Drug Flow From Afghanistan to Central Asia Grew Under Taliban - Russian Foreign Ministry
© AP Photo / Nazim QasmyAfghan soldiers pause on a road at the front line of fighting between Taliban and Security forces, near the city of Badakhshan, northern Afghanistan, Sunday, July. 4, 2021.
© AP Photo / Nazim Qasmy
MOSCOW (Sputnik) - Following the Taliban's (under UN sanctions for terrorism) ascent in Afghanistan in August 2021, the flow of drugs to Central Asia increased significantly. The illicit opium trade made up an estimated 9 percent of Afghanistan's GDP in 2020.

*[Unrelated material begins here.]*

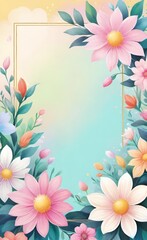 Obraz premium frame with flowers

Despite the intention of the Taliban movement (under UN sanctions for terrorism) to fight drug production in Afghanistan, since they came to power, the flow of drugs along the "northern route" to Central Asia has increased significantly, the director of the Department for New Challenges and Threats at the Russian Foreign Ministry, Vladimir Tarabrin, told Sputnik.
“Since coming to power in August 2021, the Taliban movement has declared its plans to fight drugs. On April 3, 2022, the new authorities announced a ban on the cultivation of opium poppy, as well as the production and trafficking of all types of drugs," Tarabrin said.
"However, it did not become an obstacle to poppy harvesting in the south of the country in the second half of April and its subsequent transportation. At the same time, a significant increase in drug trafficking along the "northern route" is registered," he said.